As I write this blog post, my computer’s clock reads 5:30 AM, Pacific Standard Time. Greetings from the past. This morning, the geographical time difference between Boston and Los Angeles required that I wake up three hours earlier to register for classes. What’s more, overnight, daylight savings time came to an end, meaning that we lost, no gained an hour and that technically, I woke up not three hours earlier but four, no two, no—
Honestly, I have no idea how daylight savings works. What with the advent of the Digital Age—the Internet, Y2K, Angry Birds—preparing for DST requires nothing more than going to sleep and letting your digital devices automatically adjust overnight. Having to do math at 5:30 in the morning, albeit simple geometry (or was it algebra?), left me not only disoriented but also curious as to why it is that we observe daylight savings, that we “spring forward, and fall back.” How can time, something we perceive as being constant, be so circumstantial and inconsistent?For example, in the United States, Hawaii doesn’t observe daylight savings, Arizona hasn’t since 1967, Indiana adopted DST in 2005 but remains divided between two time zones, and eight years ago, the Energy Policy Act of 2005 extended DST by four weeks, or five, depending on the year. Internationally, the discrepancies over daylight savings become all the more complicated, as the practice is more common in Europe and North America than elsewhere.
Justifications for adopting DST include increasing daylight for outdoor activity during warmer months. On the other hand, whether setting your clock forward or backward, the abrupt change in sunlight can disrupt your internal clock, negatively impact your circadian rhythm, and instigate conditions such as Seasonal Affective Disorder.
In addition, proponents of DST assert that increasing natural light will decrease the consumption of electricity. Whether or not daylight savings conserves energy, however, remains inconclusive. Moreover, a subsequent increase in the consumption of air conditioning and heating has been observed as a result of the increase in daylight.
For some reason, and it was just until yesterday that I held this belief, I thought that daylight savings was the result of some outdated, agrarian practice. The belief that the origins of DST are agricultural, however, is incorrect, as the change in time doesn’t help but rather hurts farmers, whose work depends on solar time, not standard time.

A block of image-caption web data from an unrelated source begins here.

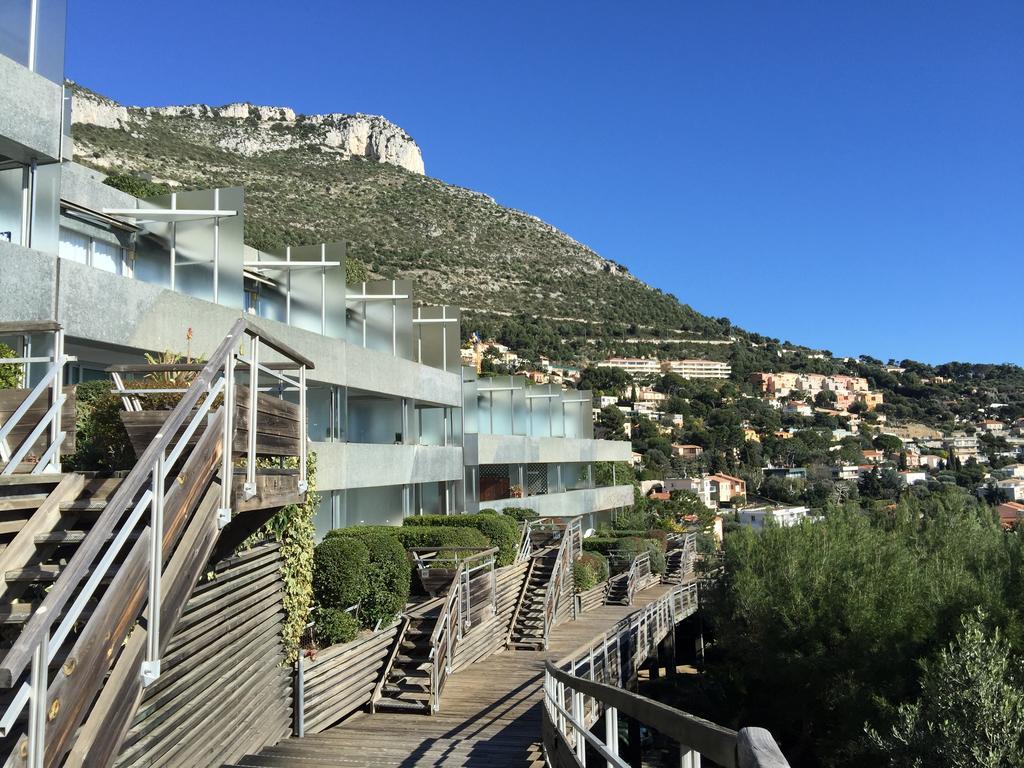 Unique Apartment - Costa Plana Cap-d'Ail Quarto foto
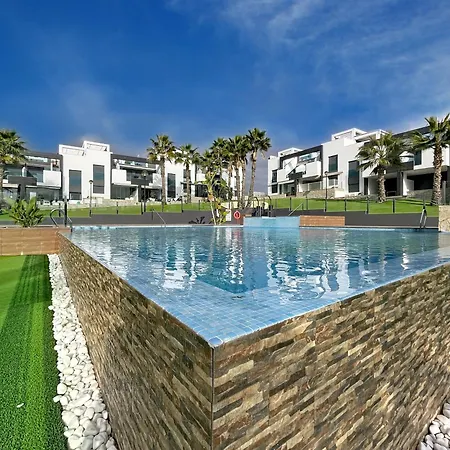 Oasis Viii Punta Prima 3023 アパート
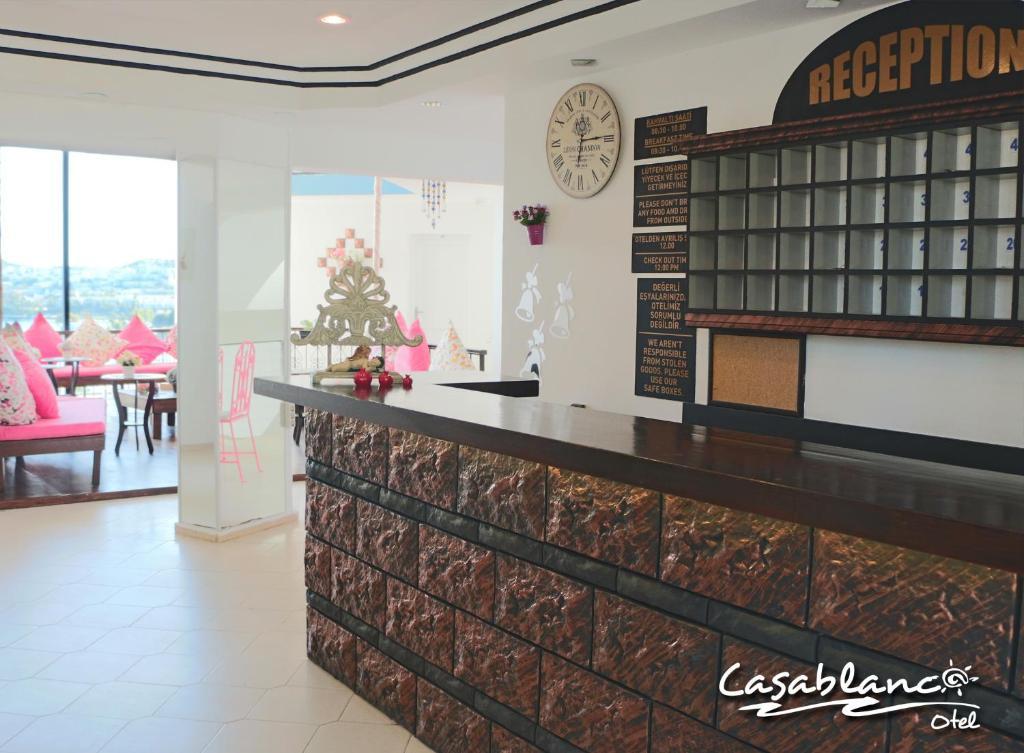 Hotel Casablanca Bodrum Екстериор снимка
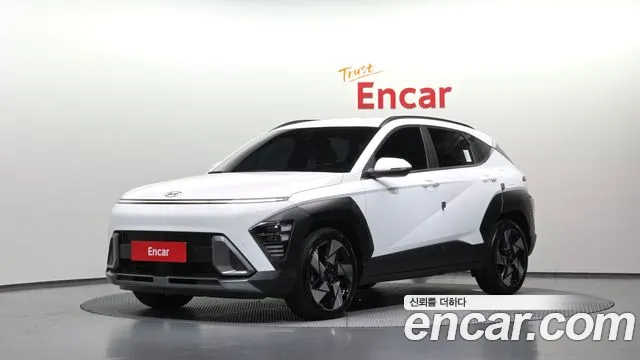 Hyundai Kona 2023 — photo 1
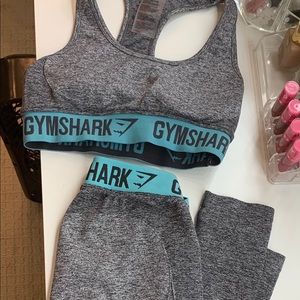 Gymshark Flex Set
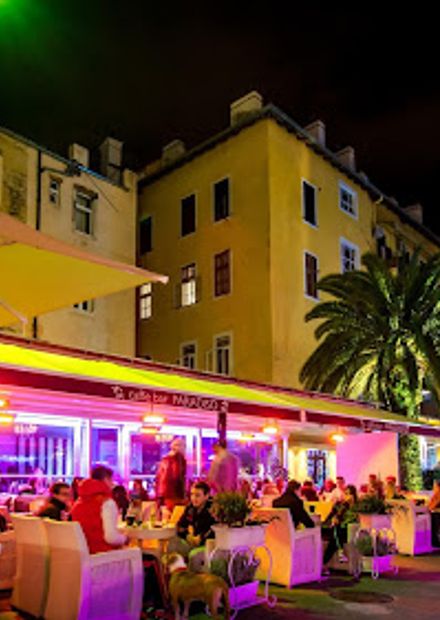 Paradiso cocktail bar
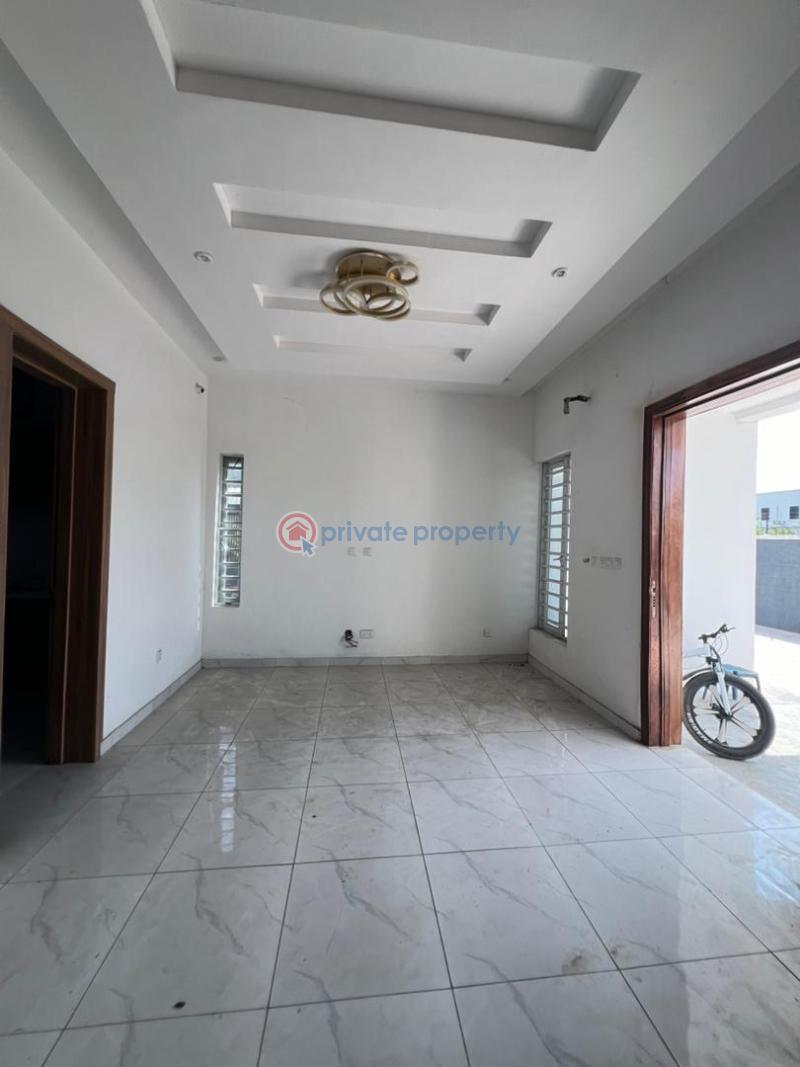 4 bedroom Terraced Duplex For Sale Ilaje Ajah Lagos - 5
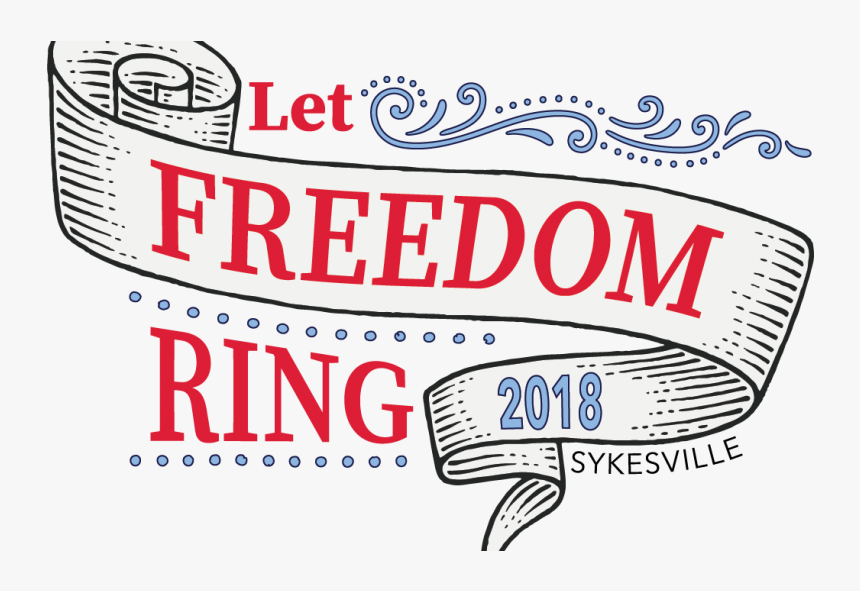 Transparent Let Freedom Ring, HD Png Download, Free Download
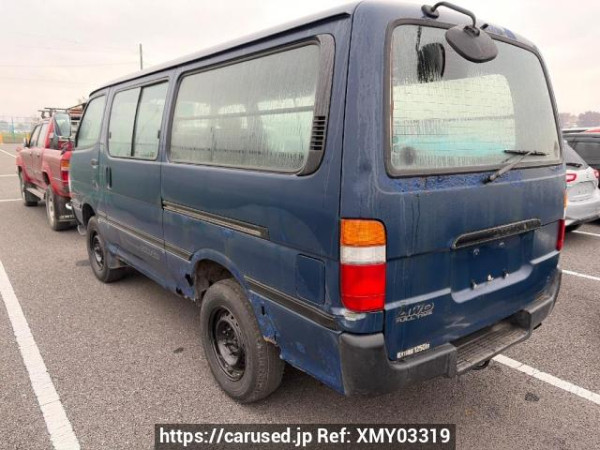 Used 2000 MT toyota regiusace-van LH178V Image[2]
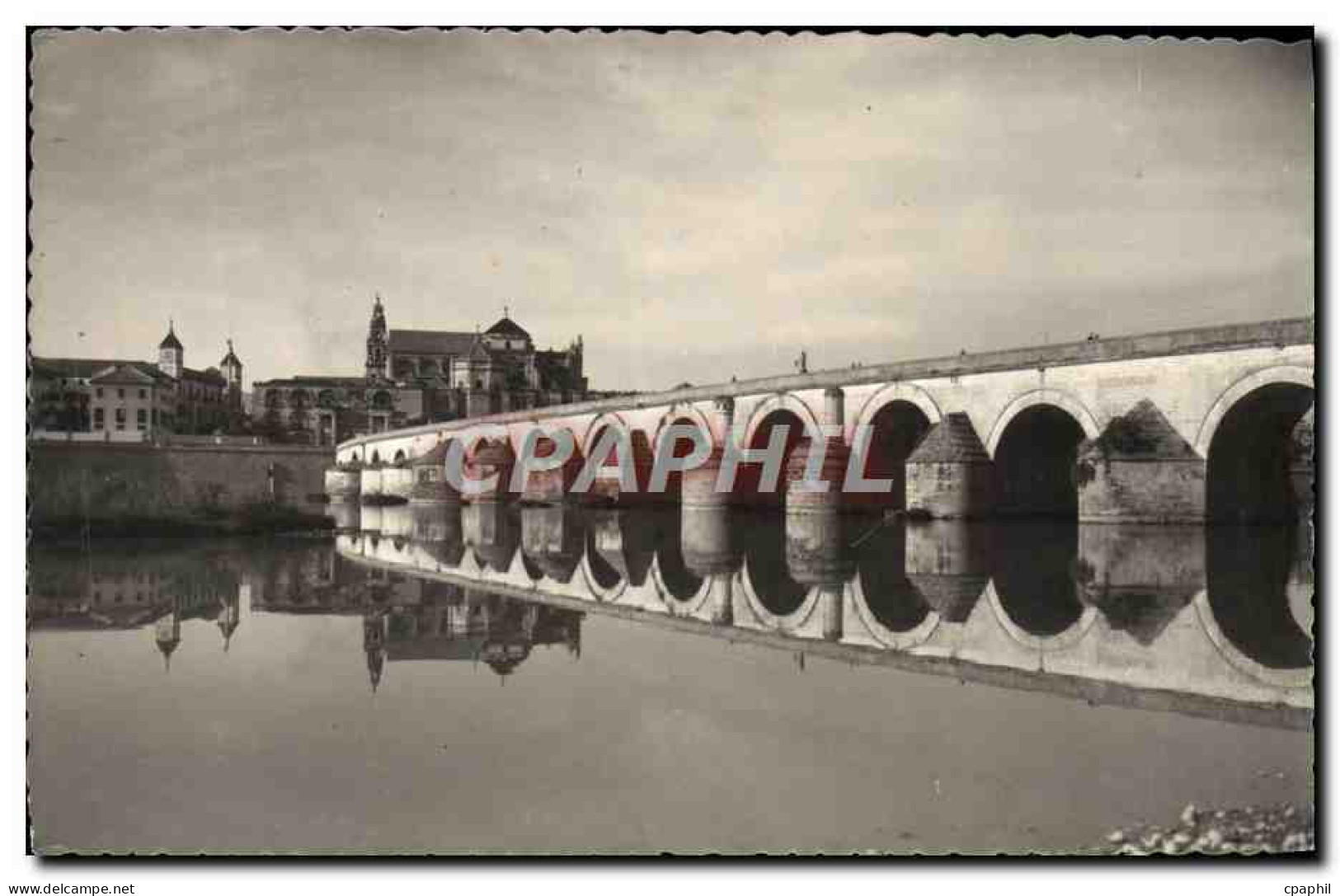 CPM Cordoba Puente Romano Sobre El Guadal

If time is in fact the enemy, what are the details of our surrender? How has the most linear of concepts, time itself, resulted in such a convoluted cluster-fudge? If resetting our clocks twice a year ain’t no thang, why can’t the governments of the world start from scratch and build a more comprehensive system? But alas, it appears as if the debate over daylight savings, over whether or not to spring forward and fall back, is not so clear as night and day. I can say with certainty, however, that after registration this morning, I see nothing wrong with the seven-day week, five days of which I won’t have class.